■ The data:
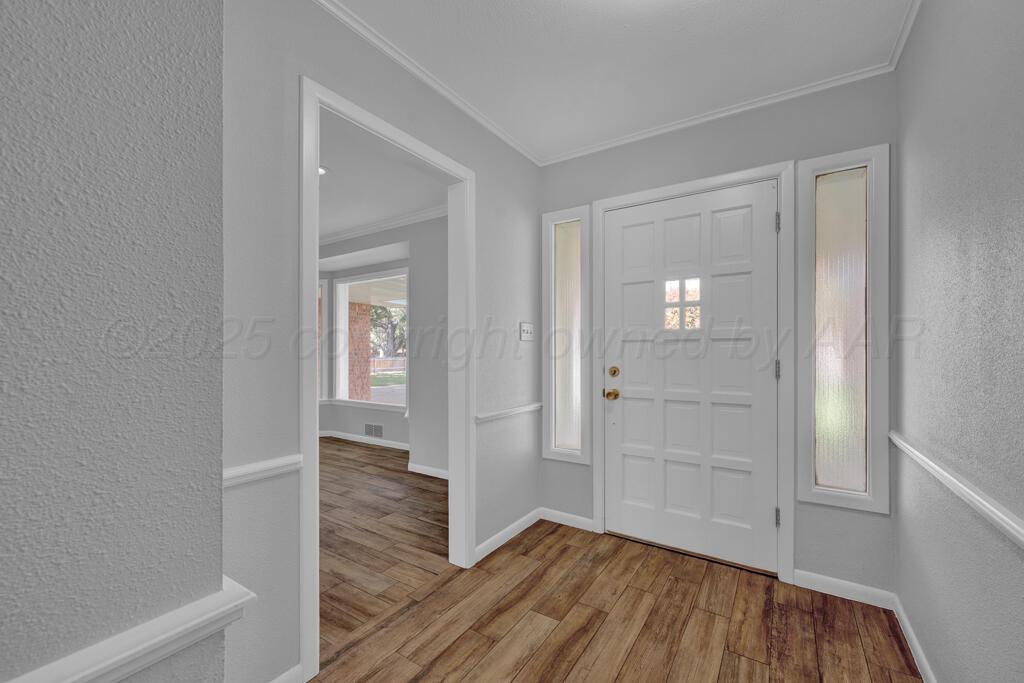 4231 Camp Lane Amarillo, TX 79110 - Photo 5 of 36 a view of wooden floor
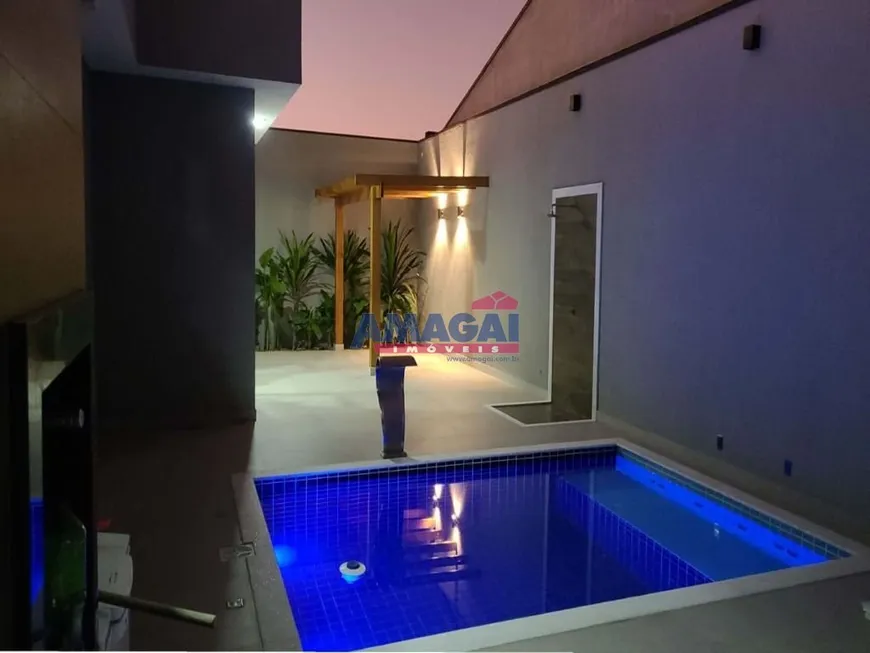 Foto 1 de Casa com 3 Quartos à venda, 176m² em Jardim Santa Maria, Jacareí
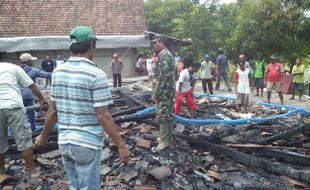 KEBAKARAN MADIUN : Tabung Gas Meledak, Pabrik Kerupuk di Madiun Ludes Terbakar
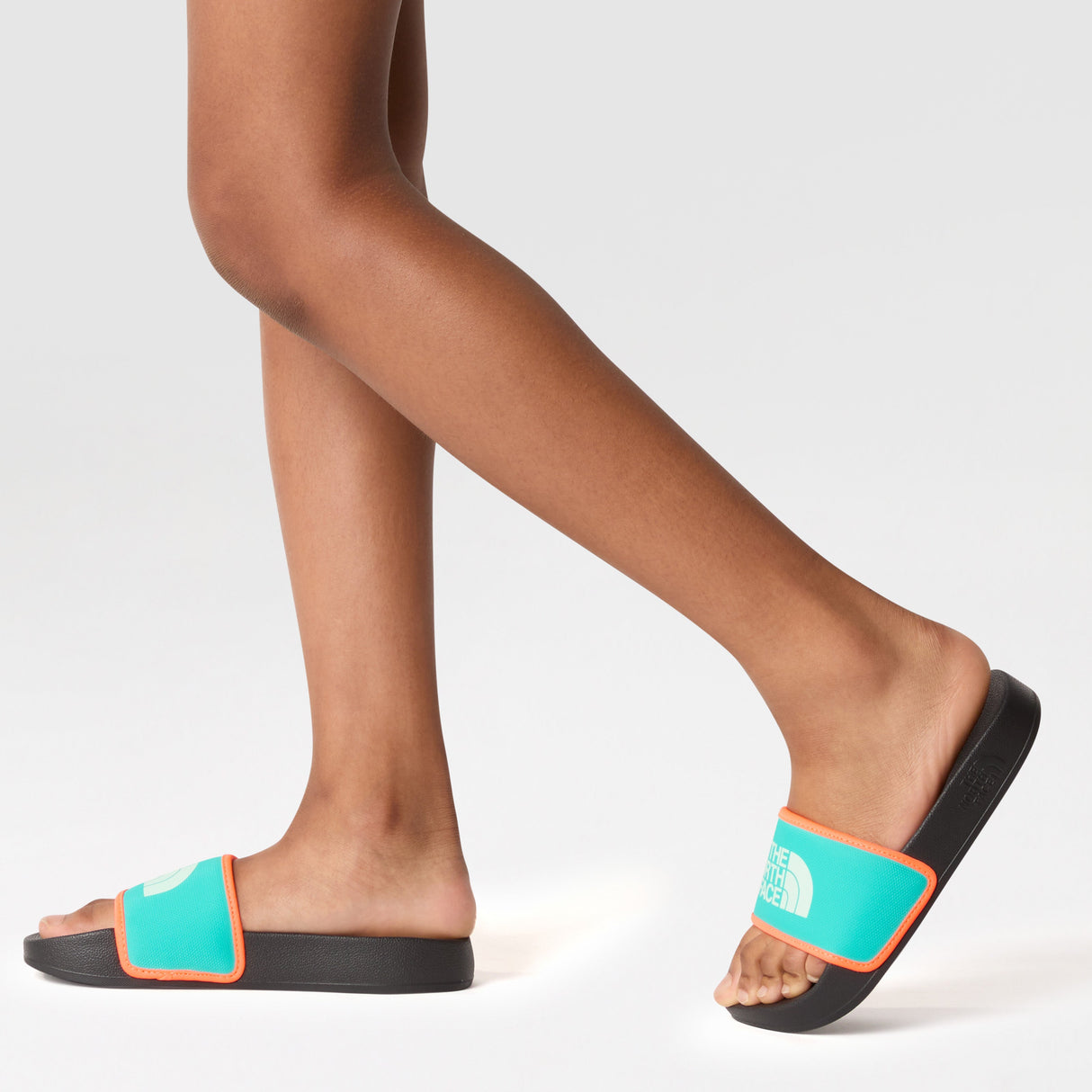 Slapi Copii The North Face Y Base Camp Slide Iii Slapi Copii The North Face Y Base Camp Slide Iii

■ Instructions for the task: Return the full listing above verbatim, please, but without its images.

■ Problem solution:
 4231 Camp Lane Amarillo, TX 79110 - Photo 5 of 36 a view of wooden floor
 Foto 1 de Casa com 3 Quartos à venda, 176m² em Jardim Santa Maria, Jacareí
 KEBAKARAN MADIUN : Tabung Gas Meledak, Pabrik Kerupuk di Madiun Ludes Terbakar
 Slapi Copii The North Face Y Base Camp Slide Iii Slapi Copii The North Face Y Base Camp Slide Iii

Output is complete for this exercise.